• _Your objective_
All of the data should be restated word for word.

• _Data section_
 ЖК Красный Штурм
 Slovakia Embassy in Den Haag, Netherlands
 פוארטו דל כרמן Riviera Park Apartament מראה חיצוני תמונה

• _Exercise solution_
 ЖК Красный Штурм
 Slovakia Embassy in Den Haag, Netherlands
 פוארטו דל כרמן Riviera Park Apartament מראה חיצוני תמונה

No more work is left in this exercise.